2 What Happens When
Kevin Lange edited this page 2015-10-31 11:50:03 -07:00

This article is a personal take on the "What Happens When..." question, answered from the perspective of ToaruOS. As of 2 October 2015, ToaruOS does not have a graphical web browser ported, so we will answer the question "What happens when I run fetch http://www.toaruos.org/ in my terminal?" instead, substituting the challenges of HTML, CSS, DOMs, etc. with the added task of loading a binary (fetch). Each step of the process will include a reference to a source file in ToaruOS (kernel, userspace, C library glue...). It should be noted before we begin that ToaruOS's network stack is very new and still missing many critical features, and we'll be skipping over anything that ToaruOS is incapable of doing at the moment. Note also that many of the steps in this process are repeated several times throughout - we will only explain them in detail the first time.

You can watch a presentation of this on YouTube.

Initial State

Before we begin, let's establish the current state of things:

We're at a terminal.

Our shell is in the middle of a read system call instigated by a call to fgetc(stdin) in the rline library that provides line editing. The file descriptor for stdin points to a pty slave device, which was created when the terminal application called syscall_openpty. Thus, sys_read will call the read method of the pty slave. Normally, a PTY device would be in canonical input mode by default, but before we called rline in the shell, we disabled canonical input and input echoing. VMIN is still set to 1, its default value, so we'll read precisely one character from the PTY's ring buffer. As there is nothing available to read in the ring buffer, we will sleep until a writer wakes us up.

Meanwhile, our terminal application is doing several things: It is blinking a cursor in a thread that sleeps at regular intervals. Another thread is reading from the PTY master waiting for new terminal output to process and render. A third thread is waiting for events from the window compositor. We don't quite care about the first two threads at the moment, but we'll get to both of them later. The third thread, however, will be critical to the first step in our walkthrough, so we should talk about its current state: Waiting for events from the window compositor means a call to yutani_poll which ends up as a read system call on a "PEX" (Packet EXchange, a ToaruOS-specific packet datagram IPC mechanism) endpoint.
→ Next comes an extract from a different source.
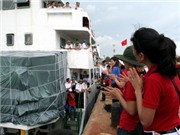 Bóng đá anh, ngoại hạng anh, lịch thi đấu euro 2012, Xuất quân chở 1.000 tấn đá xây Trường Sa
PEX is implemented internally through an older form of pipes, and that read boils down to another sleeping ring buffer.

Next, our compositor's keyboard driver is also blocked on a read, this time from the keyboard device, which is actually the same kind of pipe PEX uses, and thus also a sleeping ring buffer. The compositor itself is also processing commands from other running applications (the terminal's blinking cursor, the clock that updates every second...) as the server side of a PEX endpoint which - you guessed it - also involves a ring buffer.
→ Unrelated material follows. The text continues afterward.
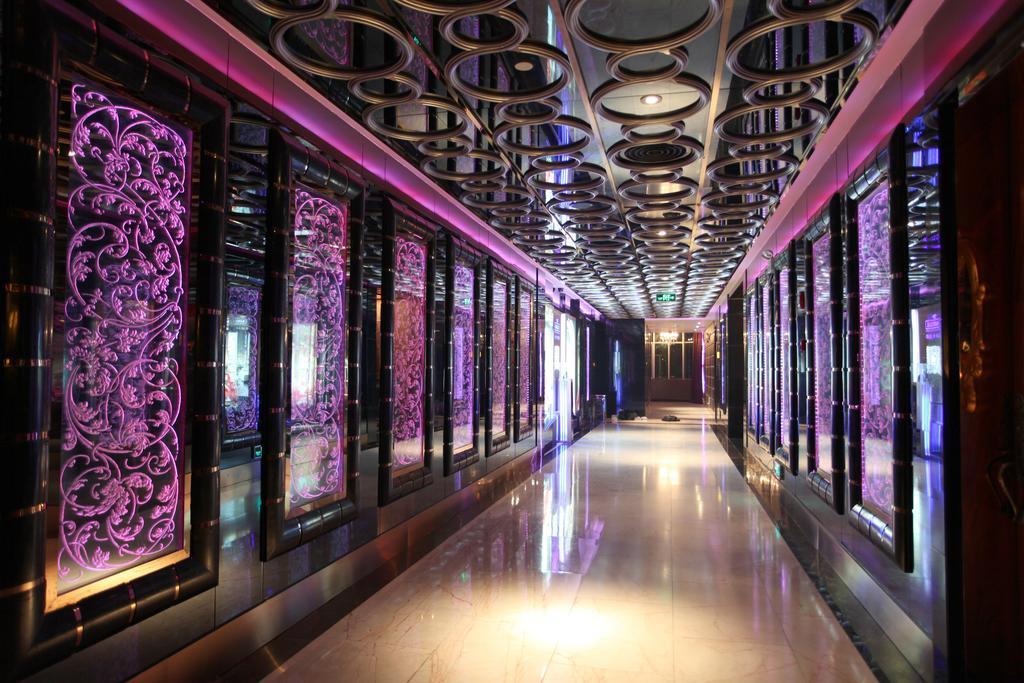 Mandarin Hotel Cantón Exterior foto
So that's a bunch of ring buffers waiting for writers and some background noise. Now what happens when we...

Press the f key

We go to type fetch, and as soon as we hit the first key, our PS/2 keyboard fires off an interrupt. When we first booted, our PS/2 keyboard driver installed an interrupt handler for this interrupt, and our base interrupt handler will locate and call that handler. As ToaruOS leaves a lot of the finer details of keyboard mappings to a userspace library, not much more happens in the kernel driver; we read in the scancode from the keyboard and then append it to the ring buffer. Writing to a ring buffer will wake up the sleeping readers, which in this case means the compositor's keyboard thread, which will finish its ring buffer read of one character, return to userspace, and then add that scancode to a state machine which will convert it into a generic scancode and modifier status. The encoded scancode and modifier status are then turned into a message for the window compositor and sent to the event queue where they will be processed like any other request to the window compositor. This will awaken the event handling thread in the compositor, which will then process the key event, determining whether it should perform some general window management task, pass the key event to a globally bound application or send it to the focused window. Since we've typed f with no modifiers and have nothing bound to steal our f key presses, we send an event to the owner of the focused window: the terminal.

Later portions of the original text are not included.